> Exercise details: Take the entries below and print only the lines from the one with "PP 990/1 Bränslefilter" through the one with "Gott segne Amerika 250 Jahre 1776-2026 Karte", exactly as they stand, both ends included.

> Data records:
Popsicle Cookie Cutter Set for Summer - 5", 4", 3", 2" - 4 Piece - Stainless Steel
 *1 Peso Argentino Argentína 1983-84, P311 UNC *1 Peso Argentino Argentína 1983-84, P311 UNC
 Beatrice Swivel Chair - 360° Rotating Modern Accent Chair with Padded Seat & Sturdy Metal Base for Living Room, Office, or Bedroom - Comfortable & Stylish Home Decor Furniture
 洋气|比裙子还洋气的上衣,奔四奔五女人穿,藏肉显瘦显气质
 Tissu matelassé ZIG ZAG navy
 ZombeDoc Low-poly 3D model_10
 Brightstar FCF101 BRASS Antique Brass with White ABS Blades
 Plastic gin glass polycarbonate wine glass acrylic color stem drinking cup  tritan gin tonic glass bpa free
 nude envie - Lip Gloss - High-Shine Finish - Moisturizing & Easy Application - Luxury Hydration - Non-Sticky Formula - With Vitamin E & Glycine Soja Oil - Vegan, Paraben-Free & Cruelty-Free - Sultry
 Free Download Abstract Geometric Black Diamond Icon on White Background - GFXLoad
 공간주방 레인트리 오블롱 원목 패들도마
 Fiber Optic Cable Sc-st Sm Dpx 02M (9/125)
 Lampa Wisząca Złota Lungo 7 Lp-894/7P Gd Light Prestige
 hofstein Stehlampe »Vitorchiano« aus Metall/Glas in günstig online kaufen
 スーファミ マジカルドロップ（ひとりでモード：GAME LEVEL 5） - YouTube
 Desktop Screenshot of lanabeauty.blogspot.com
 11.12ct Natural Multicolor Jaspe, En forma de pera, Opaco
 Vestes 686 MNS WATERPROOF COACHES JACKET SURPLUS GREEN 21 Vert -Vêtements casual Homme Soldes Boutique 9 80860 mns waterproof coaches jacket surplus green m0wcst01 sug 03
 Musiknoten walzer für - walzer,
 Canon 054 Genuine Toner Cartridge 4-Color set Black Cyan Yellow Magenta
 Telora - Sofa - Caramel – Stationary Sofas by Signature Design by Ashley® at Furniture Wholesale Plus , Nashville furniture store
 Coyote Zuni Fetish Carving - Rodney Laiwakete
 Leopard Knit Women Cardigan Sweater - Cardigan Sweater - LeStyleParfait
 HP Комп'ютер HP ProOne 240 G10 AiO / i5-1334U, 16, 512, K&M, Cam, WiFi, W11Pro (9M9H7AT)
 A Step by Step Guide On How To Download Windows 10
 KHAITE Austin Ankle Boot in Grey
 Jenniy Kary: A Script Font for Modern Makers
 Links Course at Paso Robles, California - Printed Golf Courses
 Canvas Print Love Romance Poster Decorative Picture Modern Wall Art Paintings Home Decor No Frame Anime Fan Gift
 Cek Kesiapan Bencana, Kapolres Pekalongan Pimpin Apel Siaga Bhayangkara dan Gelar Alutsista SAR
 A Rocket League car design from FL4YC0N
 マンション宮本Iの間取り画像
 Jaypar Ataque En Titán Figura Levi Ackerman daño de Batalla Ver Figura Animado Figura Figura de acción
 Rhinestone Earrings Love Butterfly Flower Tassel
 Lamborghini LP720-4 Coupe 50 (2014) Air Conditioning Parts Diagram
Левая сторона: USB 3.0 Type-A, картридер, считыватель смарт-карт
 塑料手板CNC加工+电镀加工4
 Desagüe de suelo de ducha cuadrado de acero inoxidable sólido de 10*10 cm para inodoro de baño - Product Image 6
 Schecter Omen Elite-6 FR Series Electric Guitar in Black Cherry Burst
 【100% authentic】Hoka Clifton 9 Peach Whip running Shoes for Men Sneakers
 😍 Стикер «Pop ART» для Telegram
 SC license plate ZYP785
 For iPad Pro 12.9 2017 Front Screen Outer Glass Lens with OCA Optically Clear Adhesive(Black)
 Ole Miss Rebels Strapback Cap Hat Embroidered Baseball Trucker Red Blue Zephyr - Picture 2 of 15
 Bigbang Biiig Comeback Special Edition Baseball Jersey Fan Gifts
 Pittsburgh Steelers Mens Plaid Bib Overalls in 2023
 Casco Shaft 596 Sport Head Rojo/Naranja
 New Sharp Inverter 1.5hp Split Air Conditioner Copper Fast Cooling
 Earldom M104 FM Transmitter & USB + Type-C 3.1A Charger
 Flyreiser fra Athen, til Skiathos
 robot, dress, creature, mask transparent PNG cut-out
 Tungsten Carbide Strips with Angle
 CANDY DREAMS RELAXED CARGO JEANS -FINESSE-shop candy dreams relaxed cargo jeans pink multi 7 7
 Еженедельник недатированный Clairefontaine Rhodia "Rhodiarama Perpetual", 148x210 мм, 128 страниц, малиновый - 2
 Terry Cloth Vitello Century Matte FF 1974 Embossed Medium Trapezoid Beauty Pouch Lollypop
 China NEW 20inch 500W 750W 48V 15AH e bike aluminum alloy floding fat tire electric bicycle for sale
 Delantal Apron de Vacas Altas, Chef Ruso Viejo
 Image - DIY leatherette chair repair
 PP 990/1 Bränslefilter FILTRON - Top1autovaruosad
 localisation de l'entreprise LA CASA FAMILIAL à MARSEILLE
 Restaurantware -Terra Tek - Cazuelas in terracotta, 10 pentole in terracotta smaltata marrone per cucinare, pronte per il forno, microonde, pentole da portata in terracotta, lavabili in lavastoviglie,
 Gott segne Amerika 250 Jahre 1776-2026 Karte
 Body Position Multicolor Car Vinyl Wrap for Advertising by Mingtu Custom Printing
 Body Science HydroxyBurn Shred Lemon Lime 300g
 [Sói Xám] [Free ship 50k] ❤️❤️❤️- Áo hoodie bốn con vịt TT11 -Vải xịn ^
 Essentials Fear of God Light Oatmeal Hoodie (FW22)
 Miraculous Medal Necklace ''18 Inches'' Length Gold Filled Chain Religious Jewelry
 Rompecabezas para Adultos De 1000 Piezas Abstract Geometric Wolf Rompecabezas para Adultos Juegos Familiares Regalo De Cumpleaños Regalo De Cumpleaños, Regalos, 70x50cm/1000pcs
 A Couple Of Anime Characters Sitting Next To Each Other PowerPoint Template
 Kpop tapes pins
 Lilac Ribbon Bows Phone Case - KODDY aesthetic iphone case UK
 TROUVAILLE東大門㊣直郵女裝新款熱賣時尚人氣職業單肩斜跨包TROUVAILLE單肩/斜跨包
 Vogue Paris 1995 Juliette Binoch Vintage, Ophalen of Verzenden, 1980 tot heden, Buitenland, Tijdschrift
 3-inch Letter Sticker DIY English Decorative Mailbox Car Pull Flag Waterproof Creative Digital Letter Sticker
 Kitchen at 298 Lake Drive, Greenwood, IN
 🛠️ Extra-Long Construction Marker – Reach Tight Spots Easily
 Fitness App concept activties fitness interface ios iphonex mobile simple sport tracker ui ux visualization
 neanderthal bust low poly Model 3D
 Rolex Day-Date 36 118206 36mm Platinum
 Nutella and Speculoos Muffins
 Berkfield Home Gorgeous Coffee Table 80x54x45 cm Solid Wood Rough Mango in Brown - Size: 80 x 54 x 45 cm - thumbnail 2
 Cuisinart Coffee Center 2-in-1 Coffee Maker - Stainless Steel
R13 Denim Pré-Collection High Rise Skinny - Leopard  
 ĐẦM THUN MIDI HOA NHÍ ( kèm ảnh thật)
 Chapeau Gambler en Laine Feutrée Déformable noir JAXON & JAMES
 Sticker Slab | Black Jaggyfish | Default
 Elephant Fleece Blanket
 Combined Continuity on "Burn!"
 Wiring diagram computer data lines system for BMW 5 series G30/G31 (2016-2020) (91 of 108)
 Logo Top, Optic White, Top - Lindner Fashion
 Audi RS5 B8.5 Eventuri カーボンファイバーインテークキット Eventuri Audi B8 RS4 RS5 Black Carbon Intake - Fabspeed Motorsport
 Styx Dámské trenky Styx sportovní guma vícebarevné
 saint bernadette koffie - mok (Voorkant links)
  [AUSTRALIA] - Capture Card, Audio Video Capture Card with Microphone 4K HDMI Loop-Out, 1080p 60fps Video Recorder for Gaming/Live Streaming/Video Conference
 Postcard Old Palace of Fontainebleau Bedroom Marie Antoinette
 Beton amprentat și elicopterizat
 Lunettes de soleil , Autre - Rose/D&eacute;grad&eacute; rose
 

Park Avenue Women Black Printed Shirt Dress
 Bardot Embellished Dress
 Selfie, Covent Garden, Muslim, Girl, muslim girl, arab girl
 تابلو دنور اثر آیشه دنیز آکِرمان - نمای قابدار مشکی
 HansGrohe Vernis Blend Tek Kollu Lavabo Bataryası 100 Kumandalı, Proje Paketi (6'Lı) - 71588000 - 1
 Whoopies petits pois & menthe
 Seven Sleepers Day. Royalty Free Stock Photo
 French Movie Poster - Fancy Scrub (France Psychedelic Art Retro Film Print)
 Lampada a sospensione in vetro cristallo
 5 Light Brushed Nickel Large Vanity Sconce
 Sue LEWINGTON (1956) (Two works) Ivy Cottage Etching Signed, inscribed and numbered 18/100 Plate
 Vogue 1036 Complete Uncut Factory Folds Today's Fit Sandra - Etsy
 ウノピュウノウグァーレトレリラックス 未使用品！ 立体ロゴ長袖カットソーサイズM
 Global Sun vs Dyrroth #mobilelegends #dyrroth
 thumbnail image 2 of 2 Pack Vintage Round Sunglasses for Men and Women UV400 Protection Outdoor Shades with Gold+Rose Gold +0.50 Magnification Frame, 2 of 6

> Result for this task:
 PP 990/1 Bränslefilter FILTRON - Top1autovaruosad
 localisation de l'entreprise LA CASA FAMILIAL à MARSEILLE
 Restaurantware -Terra Tek - Cazuelas in terracotta, 10 pentole in terracotta smaltata marrone per cucinare, pronte per il forno, microonde, pentole da portata in terracotta, lavabili in lavastoviglie,
 Gott segne Amerika 250 Jahre 1776-2026 Karte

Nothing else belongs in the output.